Device authentication is designed for true machine connectivity, for example connecting a laboratory analyzer machine, or a CI/CD pipeline to Medplum. This is distinct from server side authentication, in which the server a proxy for a user facing application.
If OAuth2 client credentials based authentication is not an option due to device limitations, Basic Authentication can be used to connect to Medplum. In general, OAuth2 is preferred to basic authentication. Consuming webhooks is an example application where Basic Authentication makes sense.
Security Best Practices
All three implementations types will have tokens or client credentials with system access, and edge systems should follow best practices. Below are examples of security best practices for each implementation type.
The practices below are only suggestions. Please consult your compliance and legal team to ensure that your devices are HIPAA compliant.
- Use strong passwords - NIST Guidelines suggest passwords should be a minimum of 8 characters that are easy to remember and which have been tested against a "blocked list" of unacceptable passwords.
- When possible, users should set up two-factor authentication on their devices.
- Local disk should be encrypted.
- Workstation should be password locked.
- Consider disabling local storage on device for shared workstations or in accordance with institution policy.
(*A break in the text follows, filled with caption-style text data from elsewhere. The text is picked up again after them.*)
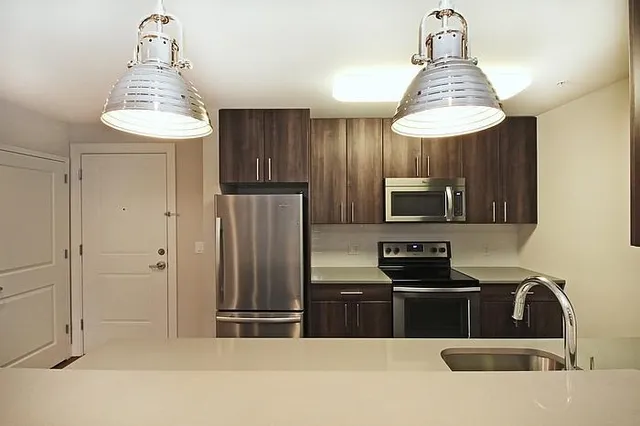 a kitchen with stainless steel appliances a sink a refrigerator and cabinets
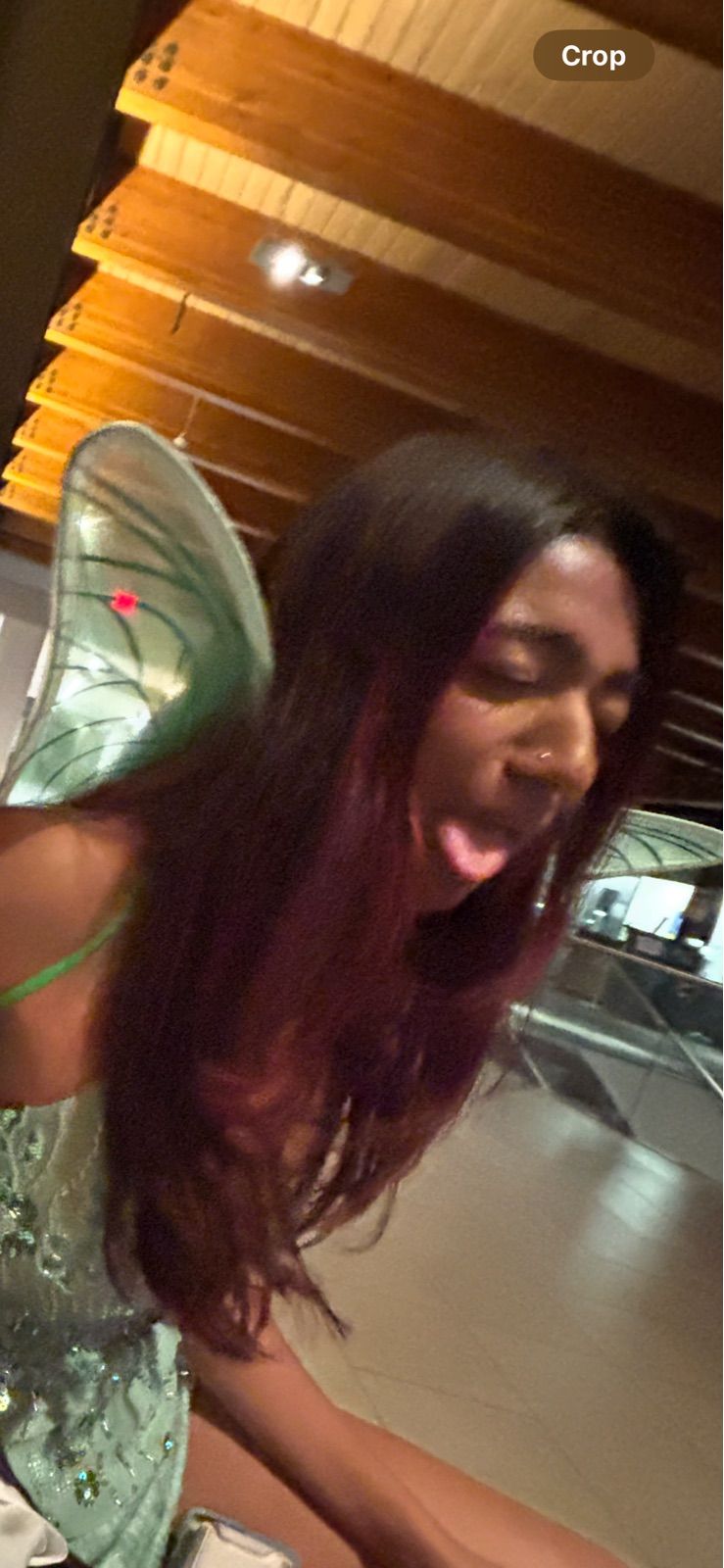 A person with long, dark hair, possibly with reddish undertones, is captured mid-pose, playfully sticking out their tongue with eyes partially closed. They are wearing a light green, possibly sequined, top with a thin strap and prominent, translucent green fairy wings, suggesting a costume or themed event. A small nose piercing is visible. The subject's demeanor is clearly lighthearted and mischievous. The background features warm wooden ceiling beams, indicating an indoor setting, possibly a cozy restaurant or event space, which complements the festive attire. The overall image conveys a fun, candid moment, with the cheeky expression adding a humorous touch to the fairy ensemble.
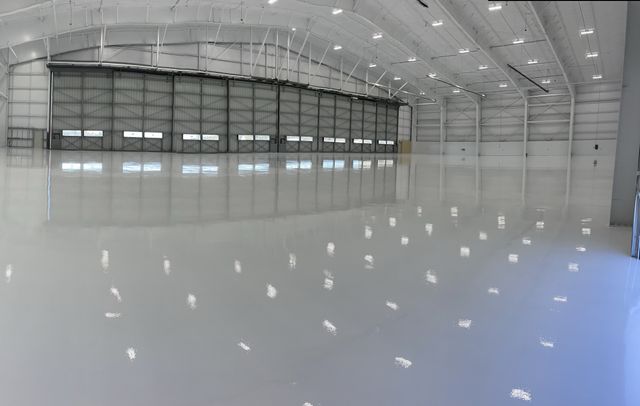 Finished glossy floor in an aircraft hangar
- Organizations with mobile devices or laptops should enable a Mobile Device Management (MDM) solution for workstations
- IP restrictions can be enabled when especially sensitive data, such as personal health information (PHI), is being accessed.
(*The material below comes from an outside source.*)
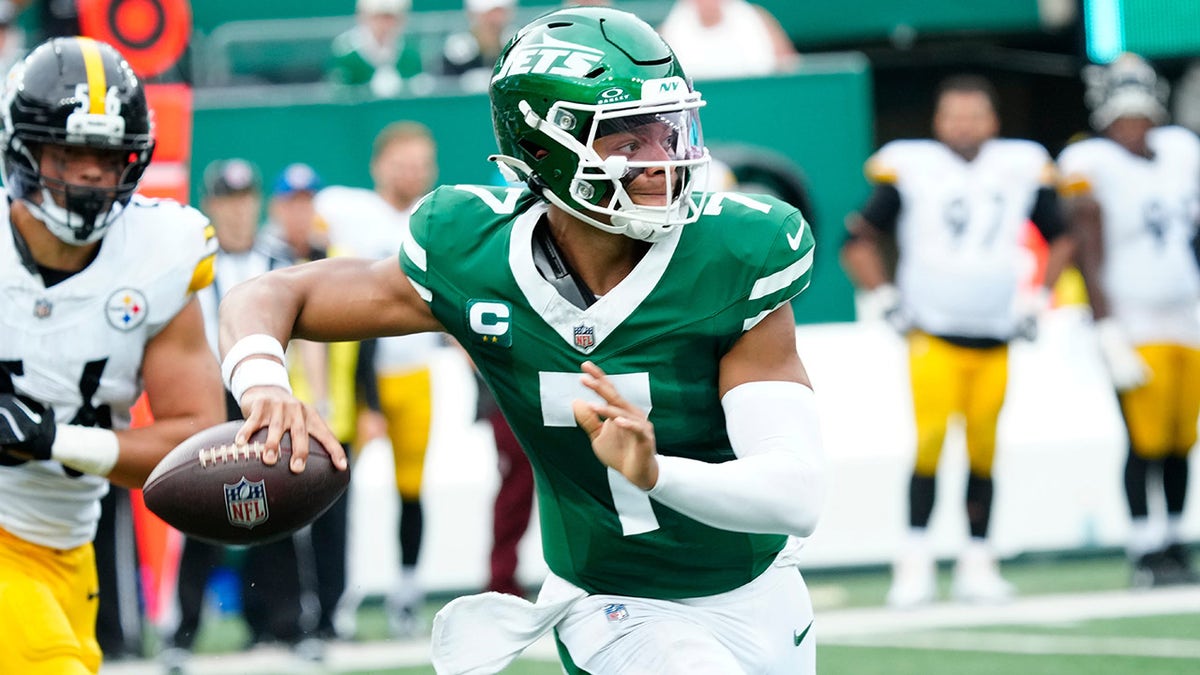 Justin Fields rolls out to pass for the Jets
- Run with as strict an access policy as possible. following the principle of least privileges.
- Encrypt hard disk.
- Restrict access to host via VPC or other mechanism - do not allow access from general internet.
- Use a secrets management to store access keys - do not store credentials on disk.
- Ensure host is patched and has security updates applied regularly.
- Run with extremely an limited access policy. For example: read-only access to a specific Bot.
- Restrict network access to the host - do not allow access from the general internet.
- Ensure host is patched and has security updates applied regularly.